I’d like to think that I am a pretty focused person. That I can concentrate easily, and work quickly and efficiently to get tasks done. I pride myself on being organised, able to complete challenges, and meet deadlines, having put in a maximum amount of effort toward the job at hand.
And I’m sure that compared to some, I am rather organised and focused. To others however, I am aware that I fall far short of the mark.
And I think it comes down to priorities.
You see, although I do have priorities, as I wrote last week that I haven’t been great at planning for them. They have been wishes in my head, goals for me to try to make, without concrete plans to follow to achieve them. And without concrete plans, distractions easily get in the way.

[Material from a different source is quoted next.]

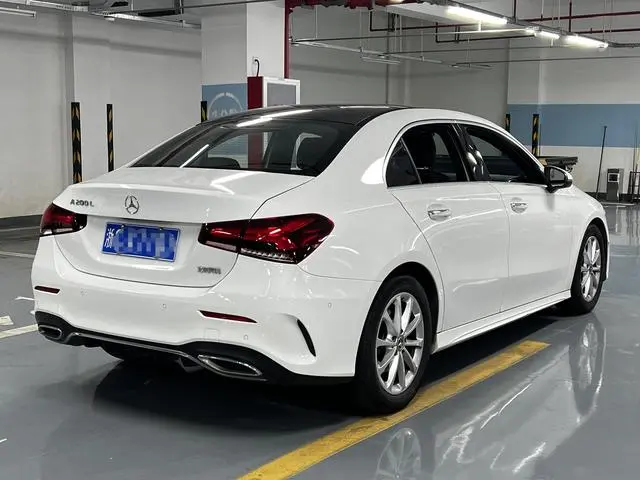 Mercedes-Benz Mercedes-Benz A-class A 200 L sports sedan dynamic Version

Fear can also breed. Because I am often afraid that I won’t actually achieve what I have sent out to achieve. I’ll be a failure. A failure in my own eyes, and – even worse – in the eyes of others. I guess this concerns me, because I hate the idea that others could laugh at me, or think less of me, because of my lack of significant achievement.

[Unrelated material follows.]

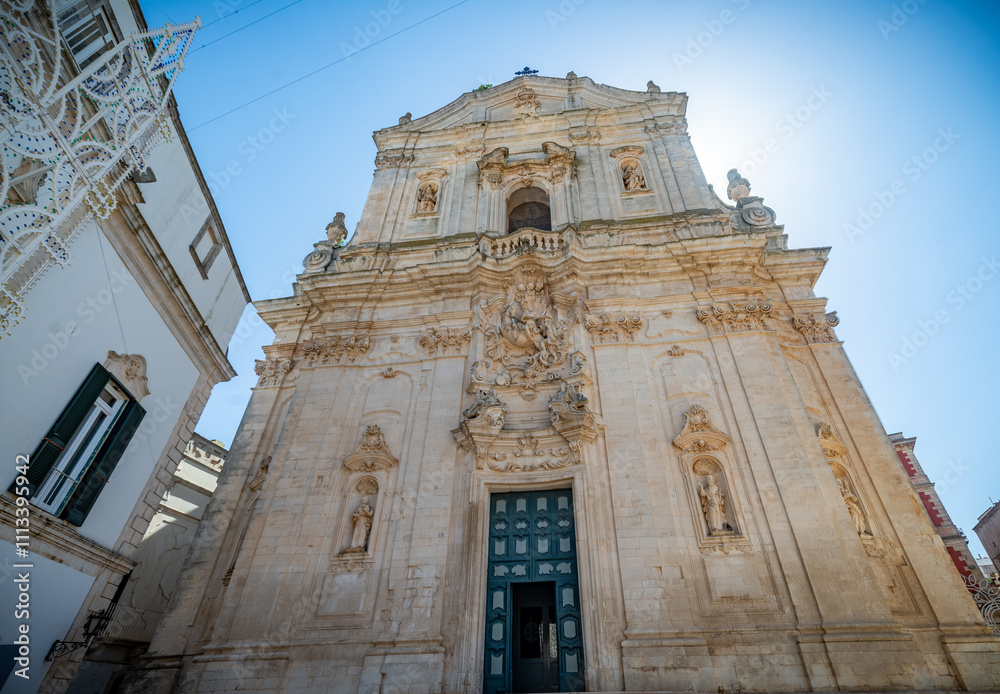Obraz premium Martina Franca, Puglia, Italia: Vista diurna de la Piazza Plebiscito y la Catedral st. Martín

So I keep my goals close to my chest, don’t speak them out, so that I can’t be accountable. That way, if I fail, I only have myself to blame.
Failing in public is far too much pressure for me.

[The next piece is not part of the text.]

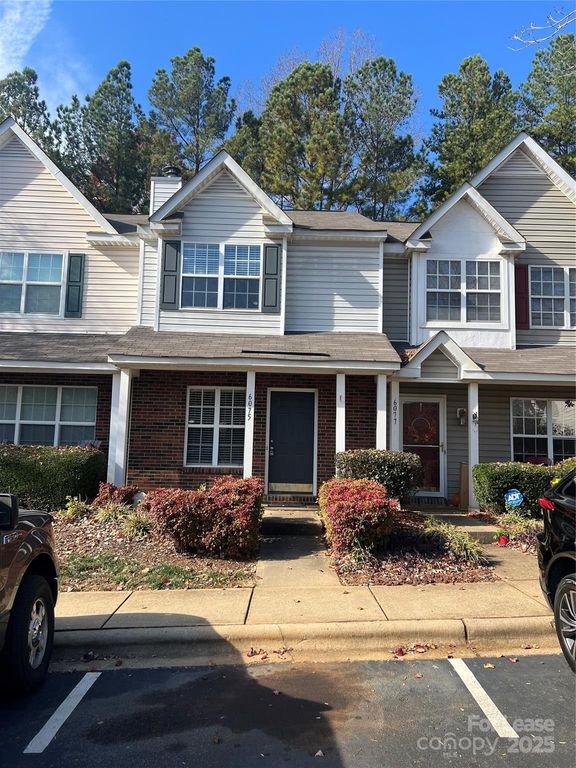 6075 Cougar Lane, Charlotte, NC 28269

I’m not entirely convinced of the wisdom of this, however. Being accountable to others – like setting myself a Goodreads challenge of 156 books read in 2018, for example – is a motivator in and of itself, I’m thinking. So perhaps I should view fear as simply a tool to be harnessed, a strategem which can assist me in achieving the goal I’ve set myself? Turn the idea around; make it work in my favour?!
And then: distractions. They make life so much more interesting, don’t you think? The shiny new idea that tries to take you away from the focus that you have. That’s so much more fun to follow than gritting your teeth when the work is so dry and repetitive, when it’s drudgery to persist in doing the hard yards and remaining dedicated to the job you have set out to achieve. In my mind, I equate distractions like Frodo trying to get to the Mount of Doom, but stopping off to ride a pink fluffy unicorn because that ring he was carrying just got too heavy and too demanding.
And distractions are easy to blame as well. An out! Yippee!
But I choose today to not let the distractions get to me. To remain focused on the goal I have set myself. To plan it out, as much as I’m able, so that things don’t get too overwhelming, and so I can succeed in what I’m planning to achieve.
How about you, dear Reader? Are you, like me, easily distracted? And is this a problem for you?
And, as always, have a great week yourself, dear Reader!